Lapor Pak Moderator,
Majalah dan ID card belum terima.
Terima kasih

----------


## este

Majalah sampe ke tetangga  ^^
Tadi baru di anter ke rumah,thx kois  ^^

----------


## victor

sudahhhh sampaiiiiiiiiii
keren euy

----------


## edwin

> om..saya lapor...
> majalah belum saya terima ..
> apakah udah habis langganan saya kie..??
> kalo iya,mhn saya diberitahu..dibayar ke mana langganannya..???
> kalo bisa mandiri om....


biasanya sih kalau udah mau abis masa langganannya, dikirimin surat om di majalahnya. jadi kita diingatkan...
kalau melihat join date om anton bulan agustus 2009, ada perpanjang keanggotaan gak di bulan agustus kemarin? kalau belum ada, perpanjang aja om, lsg transfer dan buktinya di email ke [email protected].
please check link ini om....
http://www.koi-s.org/showthread.php?...-Anggota/page4

----------


## tupai

Saya masih menunggu dengan sabar.... ::

----------


## Koismagazine

Dear Member,

Kami dapat informasi bahwa ada keterlambatan di Kantor Pos dikarenakan load yang tinggi sebelum lebaran, mohon maaf atas keterlambatan ini. Tapi kami akan kirim ulang apabila dalam 2 atau 3 hari ini belum sampai juga, mohon konfirmasi siapa saja yang belum sampai dengan melanjutkan list di bawah ini.
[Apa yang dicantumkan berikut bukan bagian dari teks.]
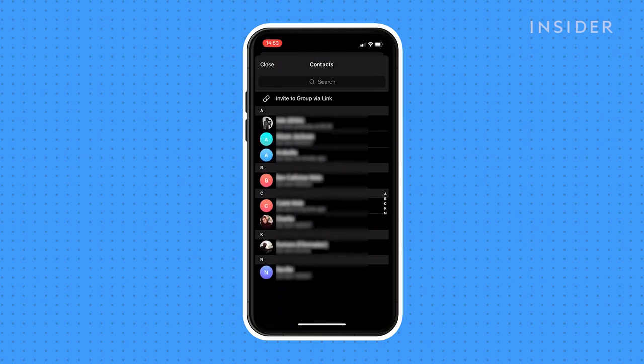You'll then be taken to a list of your contacts whom you can add directly. You can also create a link to share and invite people to the group.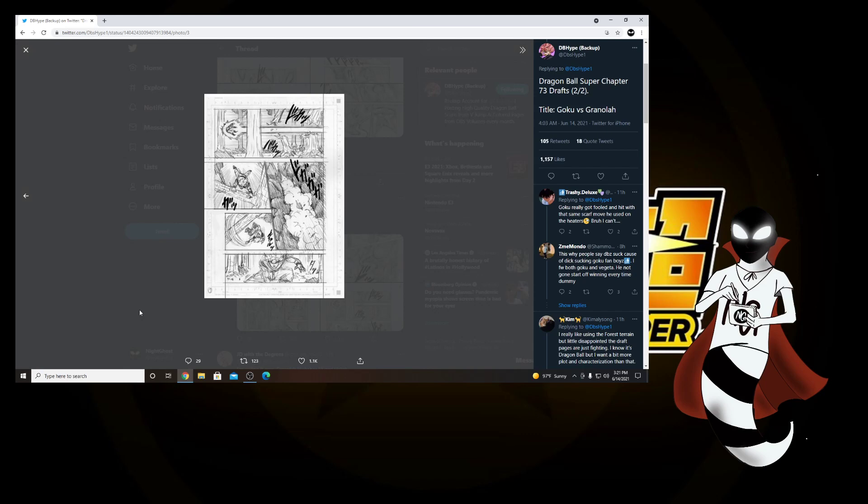And it got so accurate to the point where he said that, in the previous chapter, remember, he said that he was able to predict where he was gonna move by seeing the blood flow and his muscles moving.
Data tercatat yang belum sampai :
1. koi lovers ( samarinda )
2. iyos
3. agent23
4. Dony lesmana
5. siunk
6. hilariussss
7. SD4R7O
8. Pauran
9. tupai
10. Anton sukoco
11. rubbie
12. baruna02


Terima kasih.

----------


## Herdi

Sampai dengan tadi pagi majalahnya juga belum sampai ke rumah saya om.

----------


## tupai

Masih belom trima majalahnya hiks ::

----------


## Teja Utama

Probolinggo sudah menikmati MERAHnya Kois edisi terbaru...................  ::

----------


## William Pantoni

Om Tupai dan om2 lainnya yg belum dapat majalah....
nanti akan kita check lg....klu sampai hari ini ga datang juga....kita akan kirim kan sekali lg.
Tolong kabarin yah....Thx.

----------


## odil kokoy

Saya juga belon terima hiks hiks

----------


## iyos

lupa ngabarin,sy dah dpt,,,,,thx

----------


## Herdi

Masih belum terima juga.

----------


## Koismagazine

Dear Member Yth,

Majalah edisi 13 ( Sept- Okt 2010 ) sudah kami kirim ulang pada tanggal 23 September 2010, sesuai dengan laporan yang masuk. Berikut list yang di kirim ulang :
1. Andrew Sutjipta
2. Dony Lesmana
3. Lucky Djauhari
4. Martinus Pauran
5. Andre Wibowo
6. Bina Teruna
7. Herdi Husin
8. Hasan Effendy
9. Ibnu Gunawan
10.Sudarjo
11.Rubiansyah Sulaiman
12.Sik Ronny Wongso
13.Anton Sukoco
14.Dede Hermawan

Sekian informasinya. Mohon maaf atas keterlambatan pengiriman pada edisi ini. Terima kasih.

----------


## abahnasr

maaf om ajik, sampe saat ini saya belom terima majalah nya....

----------


## tupai

Makasih OM sudah sampai

----------


## abahnasr

om ajik kok belom juga ya.. hik...hik...hik...

----------


## Pauran

Om Ajik ....

Laporan majalah sdh diterima.....  terima kasih

Salam hangat,

----------


## Koismagazine

> om ajik kok belom juga ya.. hik...hik...hik...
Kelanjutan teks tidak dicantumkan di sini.